It is really love that you are feeling?
Today I want to help you to differentiate between love and infatuation. When we say we love, are we really sure we are not just caught in the heat of infatuation?
I long ago learnt that infatuation is derived from the French word 'fautus' meaning 'foolish', and this clearly means that if it's not true love, it is foolishness. I dare say we need to examine love on a deeper level; before saying that we love or are in love, we must also understand that there are different dimensions to this thing called love.
To many, it may be goosebumps on the arms or butterflies in the stomach, and to others, sleepless nights and too much salt in the meal.
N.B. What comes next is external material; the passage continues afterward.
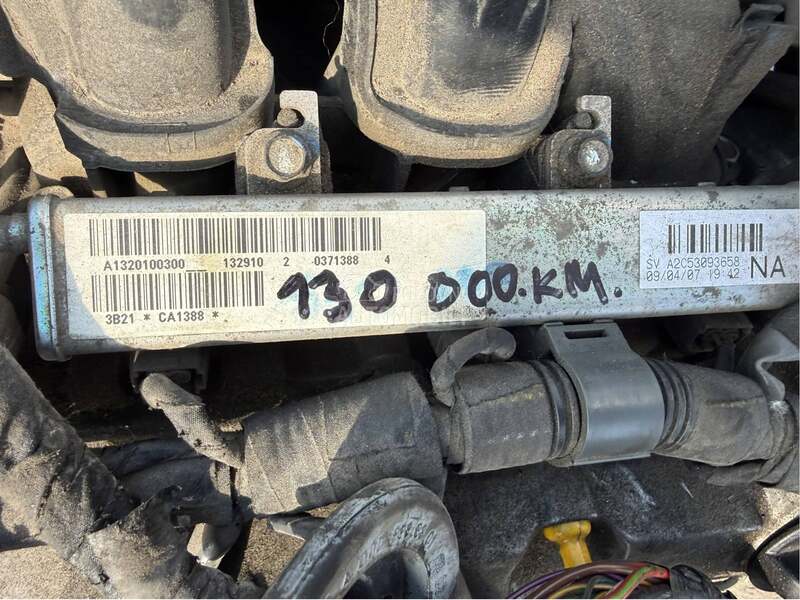 motor 999cc za Smart ForTwo od 2007. do 2013. god.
LOL.
I once sought the Oxford Dictionary to assist me with a definition, and it took five pages to define this phenomenon. My best definition, however, came from the Good Book itself in St John 3:16 'For God so loved the world that He gave ...", now if that isn't love, then the ocean is really dry.
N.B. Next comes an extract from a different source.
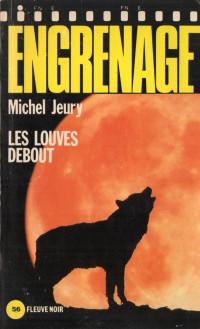 Michel Jeury [Jeury, Michel] — Les louves debout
So we can deduct from this passage that Love gives and gives sacrificially. The Greek word love has four definitions which teach how it is to be expressed and the context in which it ought to be expressed. For example, 'Philio love' is friendship love. This kind of love can be expressed in a platonic relationship and does not necessarily have any sense of long-term commitment, on the other hand, the other Greek words 'Eros' and 'Storge' speaks to passionate and erotic love being expressed between a lovers or within a marriage relationship.
The fourth Greek word, which supersedes all the aforementioned, is the 'Agape love'. This mirrors the love that the Bible speaks to and is hardly found to be practiced in us humans. It is unconditional and sacrificial in its embodiment. It always seeks to give expecting nothing in return. It is what we call unconditional love.
How many of us can truly say we love unconditionally, that we love someone sacrificially to the detriment of our beautiful and handsome selves? Not many. However, passionate erotic expressions can be had in moments of ecstasy, where no loving commitment exists.
If I love you according to the Bible, I will be only too willing to give you everything and make sacrifices for you. Can infatuation do that? Can it hold up under that kind of strain? I think not. When we are infatuated, we are simply lusting, desiring what does not belong to us, and wanting it at all costs without thinking of the repercussions.
This feeling of love is too ephemeral, too shallow - no depth. This is merely a fluctuating emotion which is hot one moment and cold the next, leaving in its wake broken hearts, unrequited love, and a sense of shame, especially for the female lover.
If we must love, then be aware that love is not blind, it is not superficial, it seeks not for itself, but only for the other. If we have to love, note that it takes time to cultivate lasting love that will withstand the test of time.
It may start out being stolen hugs and kisses, but it will evolve with time and mature into deep and profound, long and lasting love that honours God and respects and cherishes the one being loved.